ナショナリズム——想像の共同体
現在の地球上で暮らすほぼすべての人間が、いずれかの国民に分類されている。出生と死亡は国家の登録簿に記され、移動はパスポートによって管理される。国際機構の議席も、統計年鑑の行も、競技大会の入場行進も、この単位で編成される。他の分類法——信仰、階級、職能、言語、都市——のどれも、これほど網羅的に人類を区分してはいない。
そして、この分類法が地球規模で成立してからの時間は、200年あまりにすぎない。narrativist.orgが扱う物語のなかで、ナショナリズム(NAR-0017)はもっとも新しい部類に属する。5,000年前から反復されてきた物語が数多くあるなかで、なぜ最後発の物語が、もっとも広く行き渡ったのか。
本記事の答えは、物語の内容ではなく形式にある。ナショナリズムが強かったのは、他の物語より真実だったからでも、人間の本性に近かったからでもない。次の3つの形式的性質を同時に備えていたからである。

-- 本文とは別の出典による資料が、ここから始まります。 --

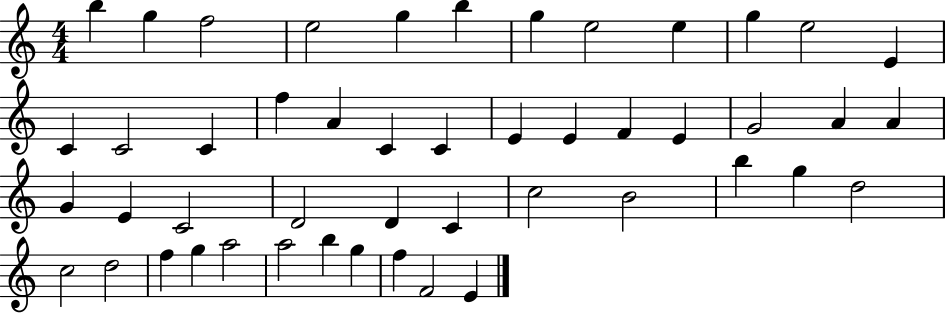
B5/q G5/q F5/h E5/h G5/q B5/q G5/q E5/h E5/q G5/q E5/h E4/q C4/q C4/h C4/q F5/q A4/q C4/q C4/q E4/q E4/q F4/q E4/q G4/h A4/q A4/q G4/q E4/q C4/h D4/h D4/q C4/q C5/h B4/h B5/q G5/q D5/h C5/h D5/h F5/q G5/q A5/h A5/h B5/q G5/q F5/q F4/h E4/q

- 空白性:この物語は、何を信じ、何を崇め、どう生きるべきかを指定しない。指定するのは「われわれには共有された過去と共有された運命がある」という枠だけであり、中身は各地で現地調達される。だからこそ、既存のどの物語とも競合せずに、その上に重ねて設置できた
- 複製可能性:国旗、国歌、国語、国民史、記念日、国立博物館、代表チーム——構成要素が標準化された部品の集合になっており、設計図は模倣可能である。19世紀末以降、新しい共同体はこの部品表を参照して自らを組み立てた
- 日常性:新聞の日付、時刻表、教室の暦、天気予報の地図。この物語は特別な儀礼の日にではなく、何でもない日の反復のなかで作動する。信じる努力を要求しないという点で、他のどの物語とも異なる
以下では、この3点がどう成立し、どう世界へ複製されたかを追う。あらかじめ立場を明示しておく。本記事は特定の国のナショナリズムを断罪も美化もしない。ナショナリズムが危険であるという結論にも、愛国心が自然であるという結論にも寄せない。現在進行中の紛争について、当事者のいずれかを評価することもしない。記述の対象は構造であり、その構造は、称揚と断罪のどちらからも等しく見えにくくなるからである。
1. 「国民」という空白の器
ナショナリズムを検討するとき、最初に躓くのは定義である。CON-0009「国民」は、共通の言語・文化・歴史・領域を共有すると想定される政治的共同体の成員全体を指す。問題は「想定される」の部分にある。客観的な指標で国民を定義しようとした試みは、いずれも反例に突き当たってきた。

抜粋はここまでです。